Nel 2010 il «Time» ha incluso il suo nome nell’elenco delle 100 persone più influenti del mondo. Ma non è Bill Gates. Né Angela Merkel. In realtà nessuno sa chi sia. Sì, certo, si sa quello che ha fatto; ma è sempre stato visto solo con una busta di cartone sulla testa, o con la faccia immersa nell’oscurità di un cappuccio di felpa. È anonimo da almeno 20 anni e continua a dire che l’anonimato gli serve per proteggersi dalla polizia. No, non è un super-criminale; si firma Banksy, ed è originario di Bristol. La domanda - solo una delle tante, in verità - è: come ha fatto un artista di strada a cambiare non solo il volto delle nostre città, ma il nostro modo di concepire l’estetica degli spazi pubblici e perfino in certi casi la normativa sul decoro urbano?
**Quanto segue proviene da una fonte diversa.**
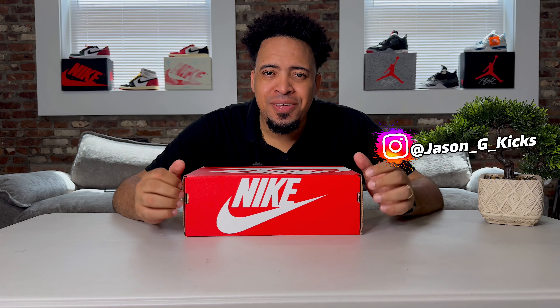Hey, what up people? This is your boy Jason, Jay Kex, and today we are back with another video.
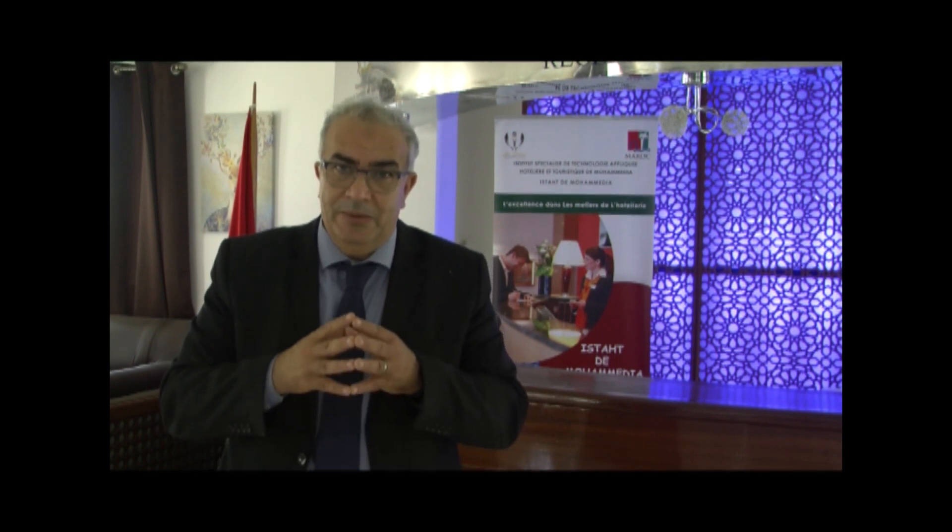Aujourd'hui, nous allons traiter un sujet qui s'intitule le module des entremets.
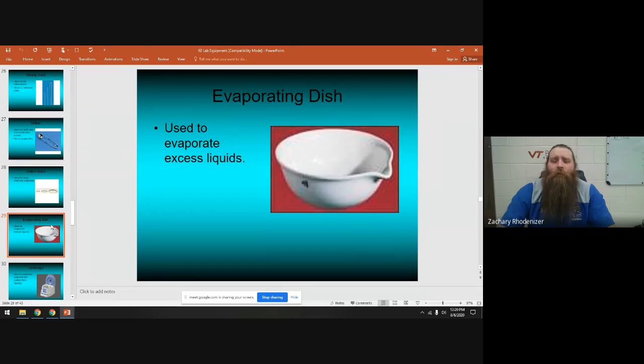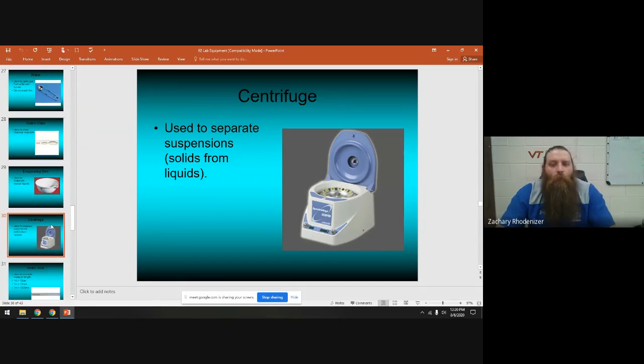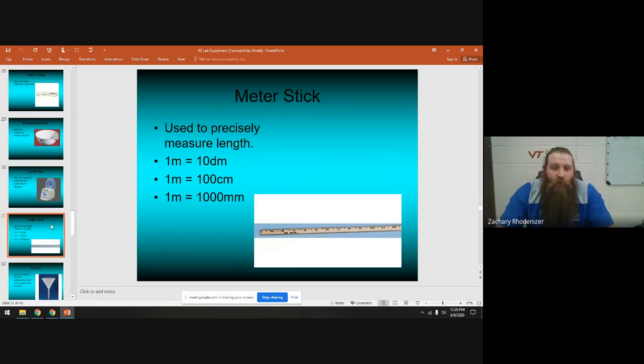An evaporating dish is used when you have a lot of liquid to evaporate — it's deeper than the watch glass. A centrifuge is not something we use in chemistry, but it's a common lab tool used to separate suspensions — we'll look at them but won't use one in the lab. Meter sticks are used to measure distance and length. Remember: one meter equals 100 centimeters, 1000 millimeters, or 10 decimeters.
Banksy è probabilmente lo street artist più famoso della storia. I suoi caratteristici topi hanno fatto il giro del mondo e molte sue opere - magari acquistate per caso negli anni ’90 senza alcuna velleità speculativa - vengono battute oggi all’asta per cifre a cinque zeri (in sterline, ovviamente). Al di là della bellezza intrinseca del suo genio (incantevole ad esempio la raffigurazione del soldato israeliano che, faccia al muro, viene perquisito da una bambina), Banksy verrà ricordato - come annota Will Ellsworth-Jones in questa ottima biografia (ovviamente non autorizzata) - come colui che ha portato l’arte non solo dove non era mai stata, ma dove mai avrebbero sperato che potesse arrivare. Una storia affascinante che ha il sapore della libertà e dell’effrazione (nonviolenta). Con un inserto fotografico a colori di 16 pagine.
W. Ellsworth-Jones, Banksy. L’uomo oltre il muro, ed. L’Ippocampo, 2014, pp. 350, euro 12.
(«Mangialibri», 9 novembre 2014; «Pagina3», 16 novembre 2014)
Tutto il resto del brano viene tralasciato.